My mother had her baby shower for me on the second floor event room. It was given by Karen Kramer, wife of Stanley Kramer.  And check out my grandmother in white go-go boots! 


My mother, Judi Martino at her baby shower at the Bistro with my stylish grandmother, Verna 


Karen Kramer, wife of Stanley Kramer who directed, “It’s a Mad, Mad, Mad, Mad World, her mother Dorothy and our interior decorator and friend, Janet Anderson

Judy Garland and Mark Herron leaving the Bistro in 1965. Newspapers and articles chronicling the event


Ellen Dunne outside of the Bistro in 1965. 
Photo taken by her husband Dominick Dunne
Courtesy of Griffin Dunne

One of the first events that gave the Bistro world wide publicity is when  Judy Garland sang a few songs for Princess Margaret. According to columnist Early Wilson, she sang, "I Left My Heart In San Francisco", "Chicago", and "The Man That Got Away". Sadly, no recording is available. 


I can always tell when photos were taken at the Bistro because of their signature lattice work and wooden saloon chairs. 


The decor was originally the set for Billy Wilder's movie,"Irma La Douce". When filming was finished, he donated it all to the restaurant. Thus the name... Bistro


Farrah Fawcett


David Bowie


Groucho Marx


Robert Culp

The Bistro was highly popular with old Hollywood celebrities and music personalities and was known to throw parties for record companies, award shows, and movie studios. Also, bridal showers, weddings & receptions, bar mitzvahs, birthday & holiday parties.  It was quite a room for an event. 

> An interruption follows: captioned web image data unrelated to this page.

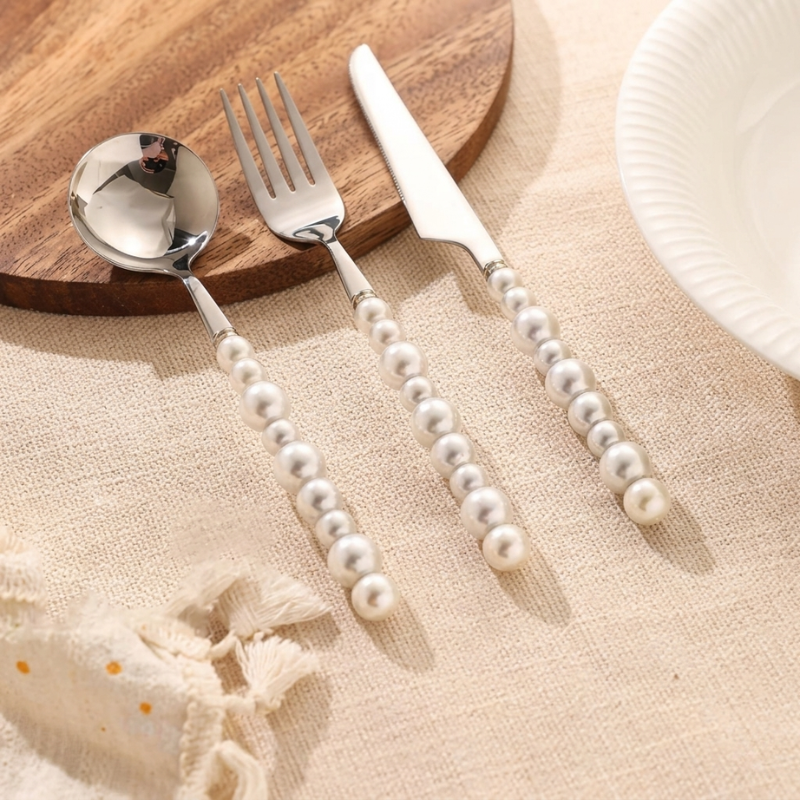 Silver cutlery set with pearl handles on a wooden board and beige surface.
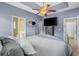 A main bedroom with a trey ceiling, ceiling fan, and ensuite bathroom at 227 Hickory Springs Ct., Conway, SC 29527
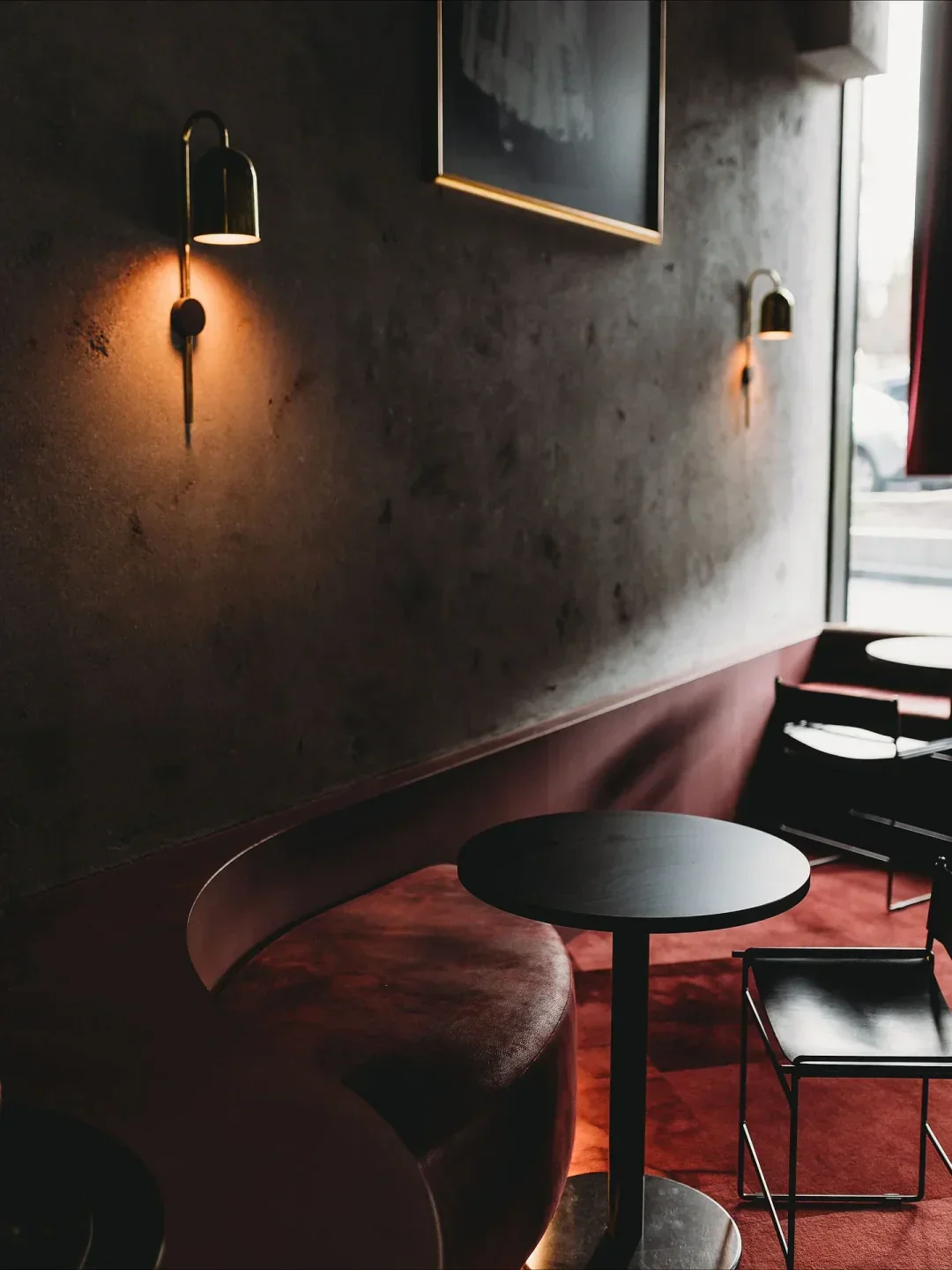 Cozy seating area at MU restaurant in Canberra, featuring a round table and warm lighting.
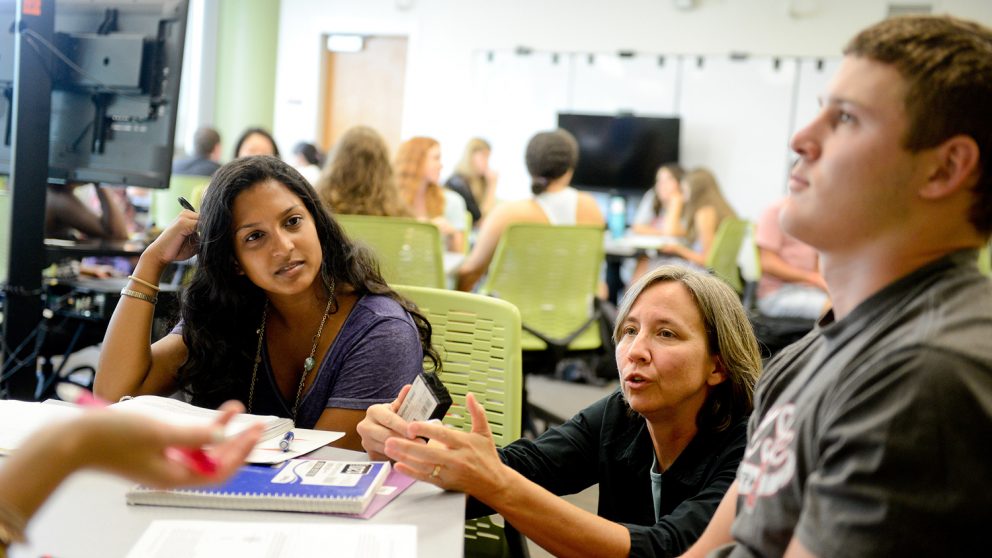 Dr. Jane Lubischer works with students.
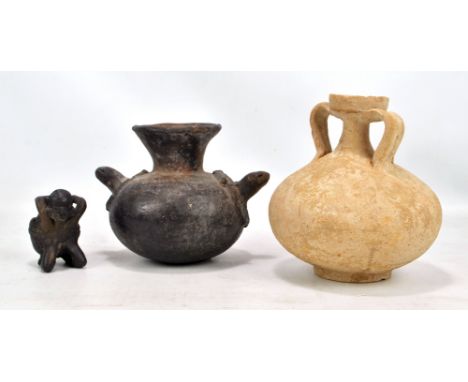 A Tunisian grey ware twin handled flagon, Punic, North Africa, 3rd/1st century BC, height 17cm, a Mayan effigy pot, circa 130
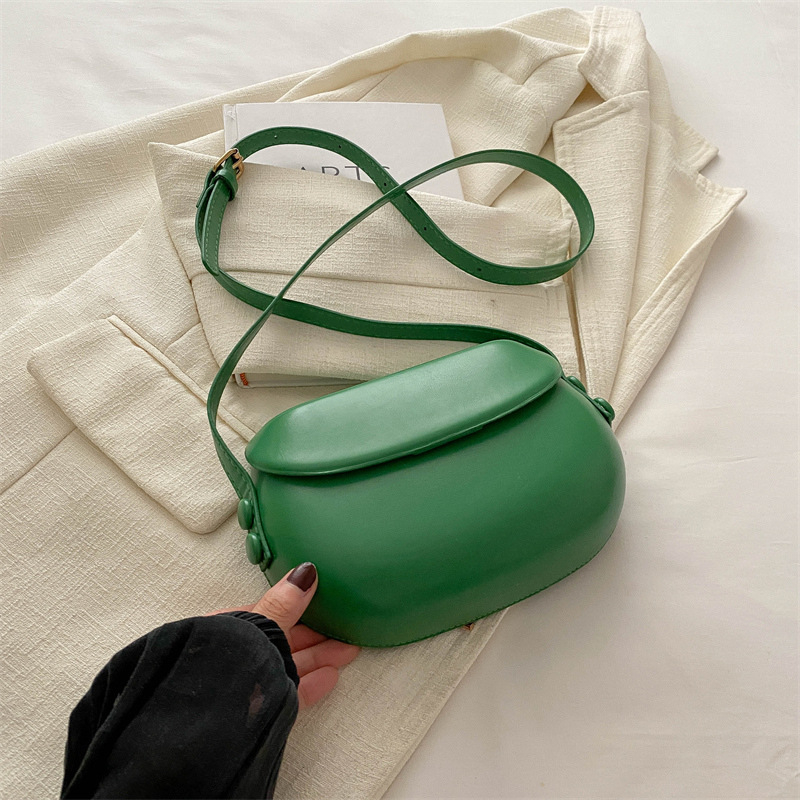 Ženska torba s korejskim nišnim dizajnom, proljeće 2024, minimalistička, dnevna, sedlo oblik, crossbody remen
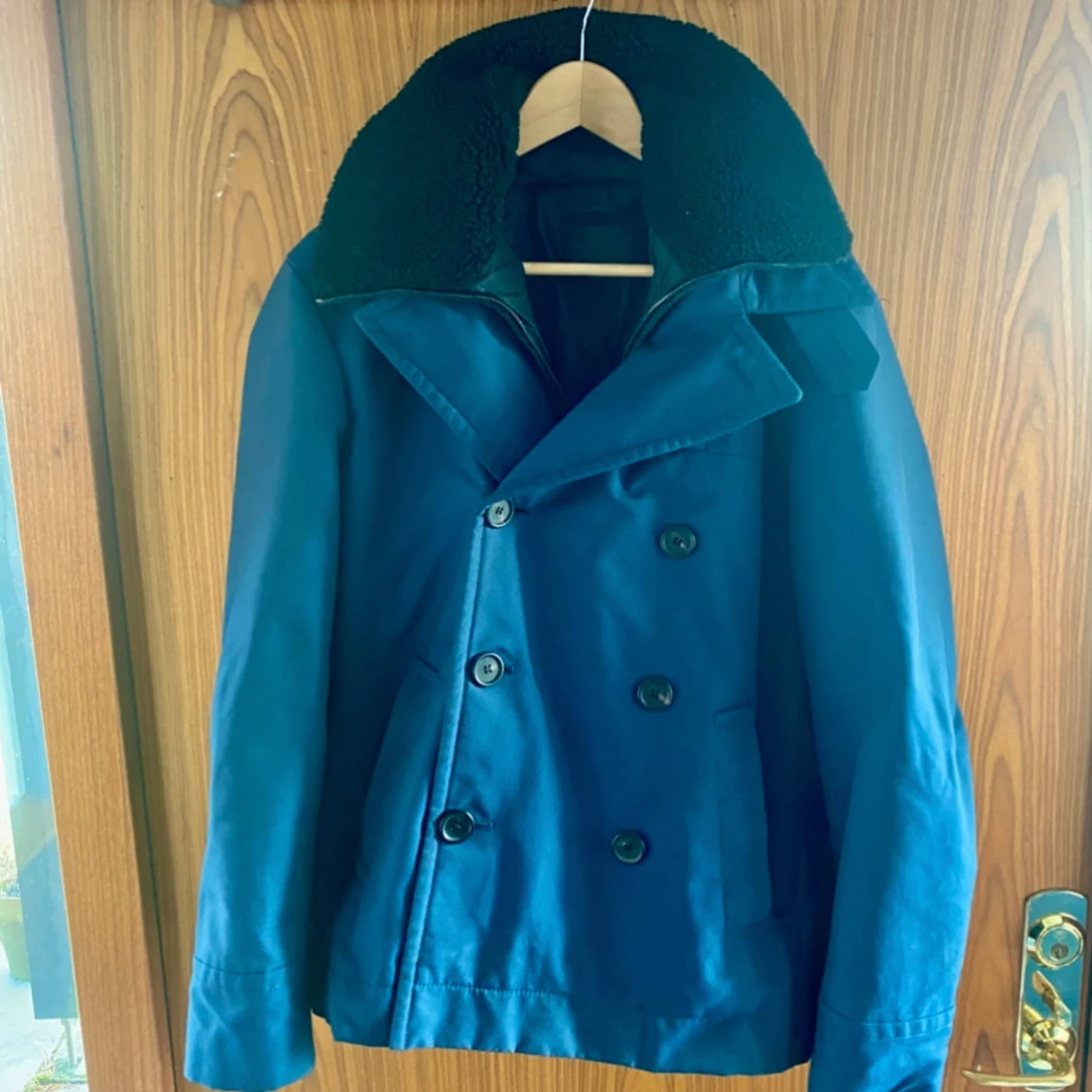 Blå skepparkavaj från Prada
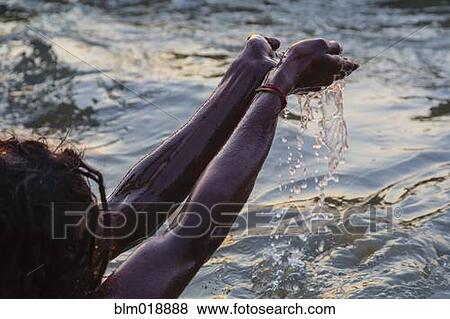 Woman bathing in water, Allahabad, Uttar Pradesh, India View Large Photo Image Stock Photo - Woman bathing in water, Allahabad, Uttar Pradesh, India. Fotosearch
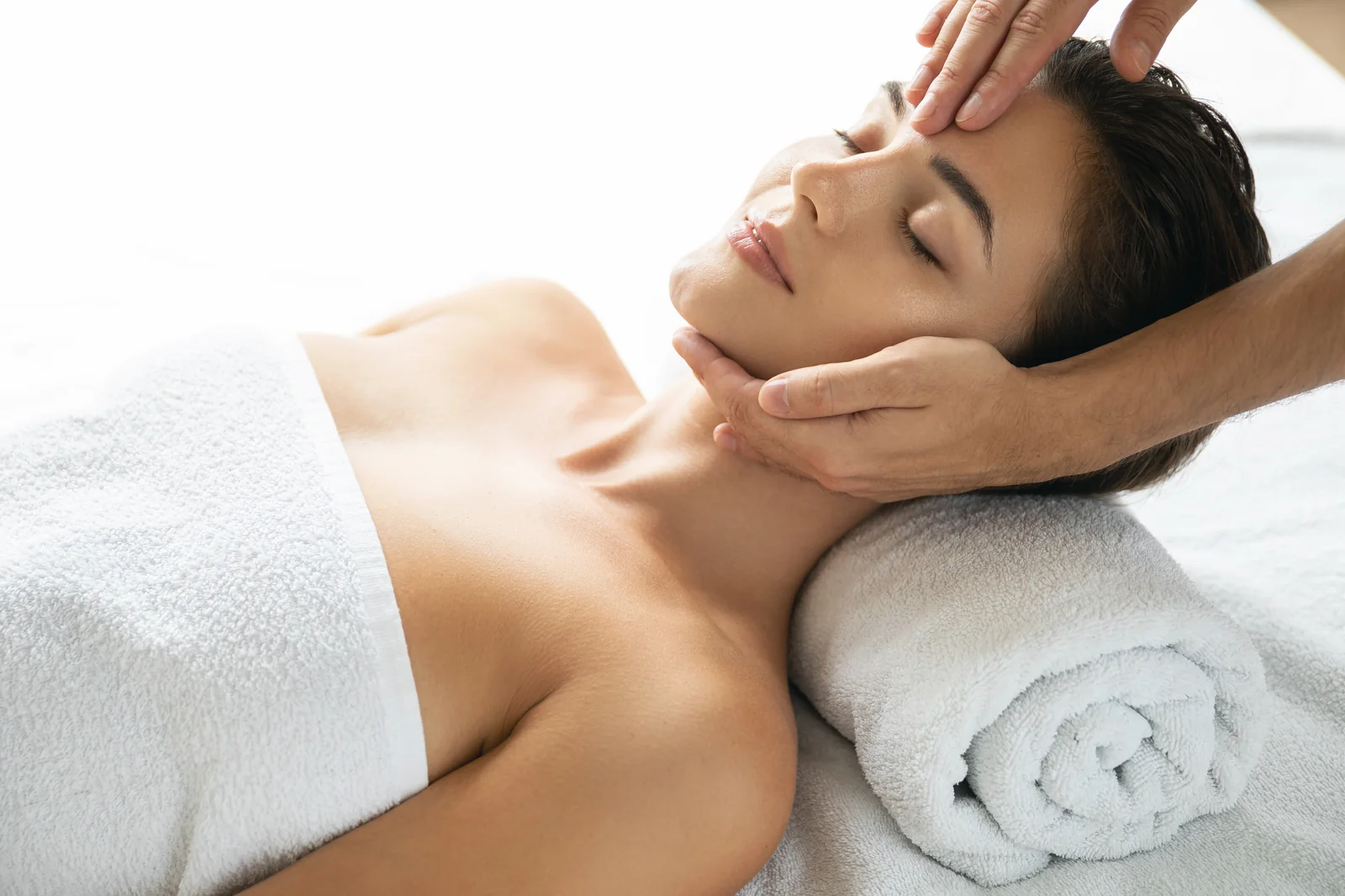 A licensed esthetician cleansing a patient's skin during a SpaRx Signature Facial at SpaRx Medical Aesthetics in Thonotosassa, FL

Sammy Davis Jr., Dyan Cannon, and Carol Channing

Scores of residents and Hollywood types did what they could to keep the party circuit going. If it wasn't a luncheon it was a black tie dinner-dance affair. Cary Grant, Rosalind Russell, Dinah Shore, Gregory Peck would often frequent the Bistro, and James Stewart never seemed to mind sitting next to out-of-town guests sipping a "Silver Bullet" - a gin & tonic with Scotch floating on top. It was party central and 'where to be seen'. For example, shortly after Mia Farrow married Frank Sinatra they attended a party where Princess Margaret, and her husband, the Earl of Snowdon, met the elite of Hollywood. It was at that party, Mia showed off hew new short Vidal Sasoon haircut. In 1974, Debbie Reynolds was presented the "Americana Award" during a buffet dinner and Christina Onassis had her 21st birthday upstairs. But, Niklas said the greatest party that ever took place in the Garden’s private Pavilion Room was producer Jerry Perenchio’s one-year wedding anniversary bash. “He flew Pavarotti over to sing.”

Alan Alda and Roger Daltrey in conversation at the Bistro in 1974
The Bistro was one of the greatest places to see Hollywood movie stars mingling with rockstars. 


David Cassidy, Elliot Mintz and Elton John

MCA Records party for Elton John 
Mackenzie Phillips and Valerie Bertinelli at the Bistro, 1977



Xanadu launch party in 1979 

The Bistro was also recreated on a sound stage for Robert Towne & Hal Ashby’s SHAMPOO. Production was denied permission to shoot at the original location because of the restaurants tight event schedule. 


"Shampoo"



Jackie Collins was inspired by the Bistro Garden to write her 1983 novel “Hollywood Wives.” 

In 1977 the Bistro moved down the street to 176 Canon and was renamed the Bistro Garden. It closed 20 years later after scandalous rumors of an anti-Semitic insult to a patron had caused a number of customers to defect. That 'rumor' had the phones ringing off the hook. It was most likely a big misunderstanding, and Kurt apologized publicly and profusely, but a particular influential society matron refused to let it go, kept the story circulating and initiated a boycott. And that was the beginning of the end for the Beverly Hills location. One of the first examples of cancel culture.
Owner Kurt Niklas, owner/ maitre d’ Jimmy Murphy of the Bistro restaurant in Beverly Hills, 1972 (photo UCLA). Although Niklas might joke that the restaurant’s Continental fare didn’t win fancy awards, a 1986 review by former Times restaurant critic Ruth Reichl praised the “perfectly cooked” capellini, “impeccable” onion soup and “wonderful clams casino.”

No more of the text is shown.